I have often inquired of myself what great principle or idea it was that kept this Confederacy (the Union, he means), so long together. It was not the mere matter of separation of the colonies from the motherland, but that sentiment in the Declaration of Independence which gave liberty not alone to the single people of this country, but hope to all the world, for all future time. It was that which gave promise that in due time the weights would be lifted from the shoulders of all men, and that all should have an equal chance.

Seeing the Big Picture.

After Fort Sumter was fired upon, Lincoln was pressured harder to free the slaves. Still, Lincoln held firm. Mr. Greeley published a blistering open letter to the President, he called “The Letter of Twenty Millions,” meaning his readers (slightly exaggerated)in The New York Tribune. Greeley’s letter took the President to task for not freeing the slaves now that the Civil War was on, writing, “all attempts to put down the rebellion and at the same time uphold its inciting cause are preposterous and futile.”

President Lincoln responded with an open letter which Greeley published in The Tribune. President Lincoln’s letter is instructive as to how a President moves in crisis, when a nation is ripped apart to calm and state his position. He begins with a conciliatory tone, calming Greeley’s bombast:

…If there be perceptible in it (Greeley’s letter) an impatient and dictatorial tone, I waive it in deference to an old friend whose heart I have always supposed to be right.

As to the policy I “seem to be pursuing,” as you say, I have not meant to leave any one in doubt. I would save the Union. I would save it in the shortest way under the Constitution.

The sooner the national authority can be restored the nearer the Union will be – the Union as it was.

If there be those who would not save the Union unless they could at the same time save slavery, I do not agree with them.

If there be those who would not save the Union unless they could at the same time destroy slavery, I do not agree with them.

If I could save the Union without freeing any slaves, I would do it – if I could save it by freeing all the slaves, I would do it – and if I could do it by freeing some and leaving others alone, I would also do that.

What I do about slavery and the colored race, I do because I believe it helps to save this Union, and what I forbear, I forbear because I do not believe it would help to save the Union.

I shall do less whenever I shall believe what I am doing hurts the cause, and I shall do more whenever I believe doing more will help the cause.

I shall try to correct errors when shown to be errors, and I shall adopt new views so fast as they shall appear to be new views.

I have here stated my purpose according to my views of official duty, and I intend no modification of my oft-expressed personal wish that all men everywhere could be free, Yours

A. Lincoln

Wearied by War

Horace Greeley described the toll the Civil War had taken on Mr.
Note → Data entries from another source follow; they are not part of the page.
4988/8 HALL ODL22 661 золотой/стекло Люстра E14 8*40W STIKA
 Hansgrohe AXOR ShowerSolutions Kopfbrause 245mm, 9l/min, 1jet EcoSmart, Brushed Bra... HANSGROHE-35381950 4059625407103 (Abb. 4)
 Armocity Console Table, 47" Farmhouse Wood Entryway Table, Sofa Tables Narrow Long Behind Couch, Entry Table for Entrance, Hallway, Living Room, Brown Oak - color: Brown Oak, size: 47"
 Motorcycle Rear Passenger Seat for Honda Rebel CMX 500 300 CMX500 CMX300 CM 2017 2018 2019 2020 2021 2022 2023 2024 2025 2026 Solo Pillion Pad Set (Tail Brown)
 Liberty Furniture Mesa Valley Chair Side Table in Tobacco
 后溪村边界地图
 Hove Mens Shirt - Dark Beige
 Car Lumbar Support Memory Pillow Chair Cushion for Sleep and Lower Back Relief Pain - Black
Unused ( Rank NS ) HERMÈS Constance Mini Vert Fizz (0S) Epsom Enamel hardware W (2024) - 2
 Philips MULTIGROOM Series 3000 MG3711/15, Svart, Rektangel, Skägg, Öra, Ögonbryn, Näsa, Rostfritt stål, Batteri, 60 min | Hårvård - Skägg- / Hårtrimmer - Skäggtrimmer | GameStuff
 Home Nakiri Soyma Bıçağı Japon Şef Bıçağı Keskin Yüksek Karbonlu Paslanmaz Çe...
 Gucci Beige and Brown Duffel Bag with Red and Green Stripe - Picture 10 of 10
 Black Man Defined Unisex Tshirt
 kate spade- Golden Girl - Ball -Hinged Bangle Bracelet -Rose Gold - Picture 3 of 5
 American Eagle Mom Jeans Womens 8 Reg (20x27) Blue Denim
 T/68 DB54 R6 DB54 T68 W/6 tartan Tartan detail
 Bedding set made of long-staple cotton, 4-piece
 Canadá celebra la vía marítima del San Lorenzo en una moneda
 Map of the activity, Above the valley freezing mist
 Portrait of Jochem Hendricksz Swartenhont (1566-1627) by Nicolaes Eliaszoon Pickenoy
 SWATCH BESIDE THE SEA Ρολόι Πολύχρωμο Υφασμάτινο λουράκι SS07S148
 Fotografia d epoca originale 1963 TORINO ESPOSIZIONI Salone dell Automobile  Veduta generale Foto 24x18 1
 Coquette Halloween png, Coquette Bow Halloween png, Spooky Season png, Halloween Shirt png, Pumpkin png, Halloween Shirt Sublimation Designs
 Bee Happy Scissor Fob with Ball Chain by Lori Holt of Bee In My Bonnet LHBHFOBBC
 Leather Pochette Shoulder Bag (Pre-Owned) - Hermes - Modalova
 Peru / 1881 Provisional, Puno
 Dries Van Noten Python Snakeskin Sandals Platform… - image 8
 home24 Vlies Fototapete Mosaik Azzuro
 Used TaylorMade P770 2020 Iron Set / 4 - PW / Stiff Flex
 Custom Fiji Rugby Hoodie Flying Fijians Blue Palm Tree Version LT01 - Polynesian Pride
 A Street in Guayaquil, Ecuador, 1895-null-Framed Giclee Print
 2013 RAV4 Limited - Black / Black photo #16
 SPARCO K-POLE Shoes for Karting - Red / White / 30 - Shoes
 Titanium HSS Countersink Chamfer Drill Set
Lincoln, seeing him in person shortly beforeGeneral Lee surrendered. Greeley wrote:

Lincoln’s face had nothing in it of the sunny, gladsome countenance he first brought from Illinois. It is now a face haggard with care and seamed with thought and trouble…tempest-tossed and weatherbeaten, as if he were some tough old mariner who had for years been beating up against the wind and tide, unable to make his port or find safe anchorage…The sunset of life was plainly looking out of his kindly eyes.”